**** review NRC: Wantenaar sensitively and aptly transforms Gorter's images into music
- Mathilde Wantenaar
- Mar 24, 2019
- 1 min read
‘Young composer Mathilde Wantenaar impressed with a short work for the Groot Omroepkoor. Her precise music enhanced the eloquence of Gorter's poem.
[...]
The poem comes from Gorter's sensitivist collection Verzen from 1890. Wantenaar was attracted by its ‘stillness, layering, imagery, elusiveness and transience’ - which is quite a lot, but at the same time very precisely put. Wantenaar's equally precise music begins from lying chords that evoke a bitter melancholic mood. Small movements within those chords bring relief and provide forward momentum. The calm, reflective progression occasionally breaks open into adventurous sound flowers (on ‘each other’, on ‘far’), only to sink back again.

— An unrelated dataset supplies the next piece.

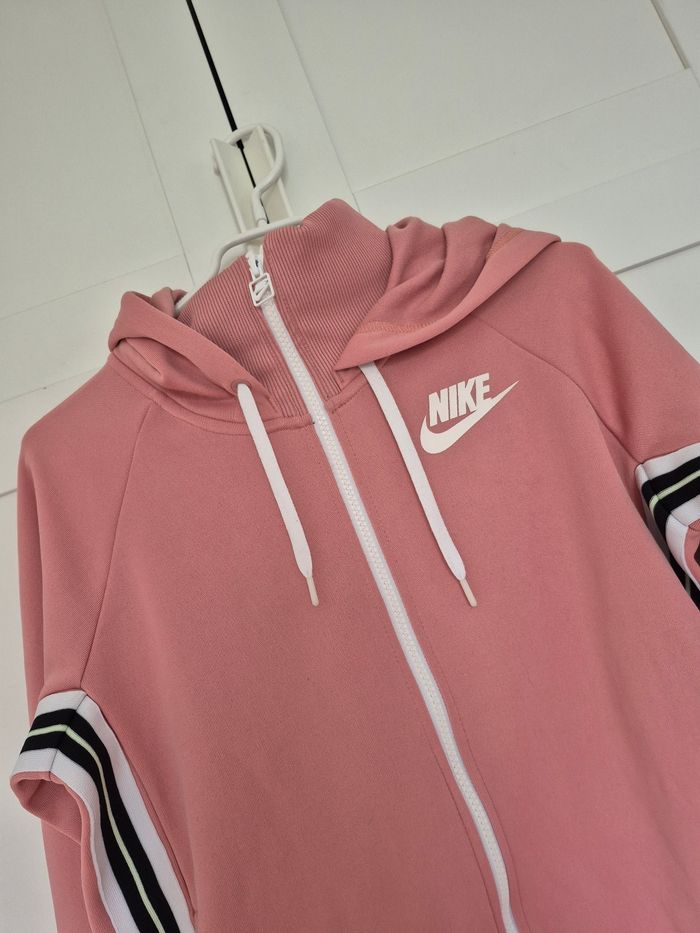 Veste Nike taille S - photo numéro 2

The clever thing is that Wantenaar's music enhances the eloquence of Gorter's poetry, unintentionally making the poem stronger. A phrase like ‘my eyes burn upwards’ could be called pathetic, but with an elegant upward sway of repetition and imitation, deployed from the basses, Wantenaar actually creates a penetrating, pathos-free soundscape. Her vision of the words is always penetrating, and she has turned that vision into music with an apt hand. Her technical mastery is evident; even more impressive is the understated sense of dramaturgy with which she transports her listener almost carelessly. Thus, with the concise Dit zijn de bleeke, bleeklichte weken, Wantenaar has delivered a near-perfect work.’